Monday, June 23, 2008

Beklenti

Gökyüzü çakan bir şimşekle aydınlandı, gece güne dönüverdi... Rüzgar tüm haşmetiyle pelerinini savurarak arkasına bakmadan uzaklaştı. Düşünce seli birazdan yağan yağan yağmurun ardından sökün edecekti besbelli.
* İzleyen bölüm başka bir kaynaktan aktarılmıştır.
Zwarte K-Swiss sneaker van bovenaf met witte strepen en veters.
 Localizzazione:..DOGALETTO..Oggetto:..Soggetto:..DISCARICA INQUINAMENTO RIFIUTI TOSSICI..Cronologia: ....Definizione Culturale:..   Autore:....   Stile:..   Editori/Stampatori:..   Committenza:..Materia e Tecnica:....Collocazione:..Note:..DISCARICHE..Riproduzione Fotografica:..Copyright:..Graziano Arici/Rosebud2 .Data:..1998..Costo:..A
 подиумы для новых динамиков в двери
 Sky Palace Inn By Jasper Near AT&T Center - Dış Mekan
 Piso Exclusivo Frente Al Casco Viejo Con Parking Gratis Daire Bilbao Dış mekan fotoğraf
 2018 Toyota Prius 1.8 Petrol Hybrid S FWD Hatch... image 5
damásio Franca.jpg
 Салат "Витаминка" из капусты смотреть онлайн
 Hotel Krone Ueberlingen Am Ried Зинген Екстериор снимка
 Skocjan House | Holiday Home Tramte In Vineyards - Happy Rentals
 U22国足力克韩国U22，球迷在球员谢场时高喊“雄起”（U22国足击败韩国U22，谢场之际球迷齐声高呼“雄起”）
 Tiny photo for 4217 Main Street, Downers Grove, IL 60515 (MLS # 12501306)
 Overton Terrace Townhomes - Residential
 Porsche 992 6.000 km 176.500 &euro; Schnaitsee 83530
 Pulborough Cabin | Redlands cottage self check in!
"İçine duyguların, düşüncelerin sızamadığı karanlığı delice yararak, ışığın gerçekleri tüm çıplaklığıyla utanmazca göz önüne serdiği bir günde; Gerçeklerin gözleri yakarcasına kör eden aydınlıkta yitip gittiği, sinsi grinin ve dahi saf siyahın belleklerden silindiği bir anda ortaya çıkan uçsuz bucaksız kaybolmuşluk hissidir beyaz, bembeyaz. Değil görmek, düşünmek dahi imkansız hale gelirken, bu saflıktan çıldırmak işten bile değildir. Bir papatyanın beyazı en koyu siyah, bir ananın yavrusuna duyguları en sinsi gri olarak algılanır böylesi bir beyazın yanında. Zıttının var olmadığı bir varoluşun yokluğun ta kendisi olduğu gerçeğini görmezden gelircesine, böylesi bir beyazlık ummak, gözlerini sımsıkı yummaktır hayata ve diğer nice renklerine."

Ve sessizlik hakim oldu.

1 comment:

Anonymous said...

pes dogrusu!!! Beyaz da boyle tanimlanmazki.